Dipturus teevani
- Conservation status: Least Concern (IUCN 3.1)

Scientific classification
- Kingdom: Animalia
- Phylum: Chordata
- Class: Chondrichthyes
- Subclass: Elasmobranchii
- Order: Rajiformes
- Family: Rajidae
- Genus: Dipturus
- Species: D. teevani
- Binomial name: Dipturus teevani (Bigelow and Schroeder, 1951)
- Synonyms: Raja teevani (Bigelow & Schoeder, 1951); Raja floridana (Bigelow & Schoeder, 1962);

= Dipturus teevani =

- Authority: (Bigelow and Schroeder, 1951)
- Conservation status: LC
- Synonyms: Raja teevani (Bigelow & Schoeder, 1951), Raja floridana (Bigelow & Schoeder, 1962)

Species of cartilaginous fish

Dipturus teevani, commonly known as the prickly brown ray or Caribbean skate, is a species of cartilaginous fish in the family Rajidae. The prickly brown ray is medium in size compared to other skates, and is known from a patchy, deep-water distribution in the western Atlantic Ocean.

==Etymology==
The prickly brown ray's genus name, Dipturus, comes from the two Greek words: δι (di), meaning "two", and πτερύγια (pteryx), meaning fin. Its species name is a reference to ichthyologist John Teevan, in appreciation for the help he gave the authors Bigelow and Schroeder when he worked as editor-in-chief for the book, Fishes of the Western Atlantic.

==Taxonomy==

The prickly brown ray was first given the name Raja teevani by its discoverers, Henry Bryant Bigelow and William Charles Schroeder, after being caught accidentally on a shrimp related expedition in the Gulf of Mexico in the winter of 1950-1951. The species was encountered again by Bigelow and Schroeder in 1962, and specimens were given the name Raja floridana. Animals under both names have since been moved to the genus Dipturus by Jacob and McEachran, but the name teevani was kept.

==Description==
Prickly brown rays are considered medium-sized rays, with a maximum total length of 84 cm, while males reach maturity around 63 cm. They normally are light/pale brown on top and cream-colored to dusky on bottom. Both the dorsal and caudal fins are black, and the dorsal fin is fully connected at its base. The anterior margins and the trailing tips of the pectoral fins are both concave, and they are incised deeply near the tail. Visible thorns (denticles) are only found near the eyes and in a single row on the top of the tail. Like many other skates and rays, the eggs of the prickly brown ray have horn-like projections.

Dipturus teevani can be distinguished from other rays in its genus by its long snout (22% of total length), which forms an acute angle with the pectoral fins (around 70°). The length of the pectoral fin radials is roughly 40% the length of the snout. The mouth is slightly arched on either side of the symphysis and the upper jaw contains 36 to 38 rows of teeth. The oronasal pit is absent, and the anterior (the larger of the two) and posterior pelvic lobes are connected to each other by a fin-membrane. The prickly brown ray's tail can be from 48% to 53% of the total length and is just as wide at its middle as its base.

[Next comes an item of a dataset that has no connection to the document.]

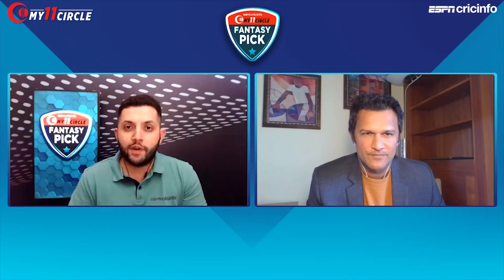Thank you, Darren Ganga — more from you as CPL 2020 moves on. Make sure you look at the playing 11s after the toss, confirm lineups, and only then confirm your fantasy team. We'll be back with plenty more expert analysis and data to help you pick your fantasy team on My11 Circle Fantasy Pick on ESPN Cricket Info.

==Distribution and habitat==
The prickly brown ray has a rather fragmented range in the western Atlantic, where it is native. Large regions: from North Carolina to the Florida Keys, from the northern Gulf of Mexico, Bahamas, Lesser Antilles, coasts of Nicaragua, Honduras and Colombia are known to support it. They have also been found in smaller-sized areas of the southern Gulf of Mexico and the coasts of Guyana, Suriname, and French Guiana and northern Brazil.

Prickly brown rays are usually bottom dwelling and live on the upper continental slope (specifically the southeast U.S. continental shelf and the north Brazil shelf) at depths from 311– 732 meters. Despite their occurrence on two shelves, as well at the open Atlantic and Caribbean Sea, little is known about their life habits or behavior because they are seldom caught.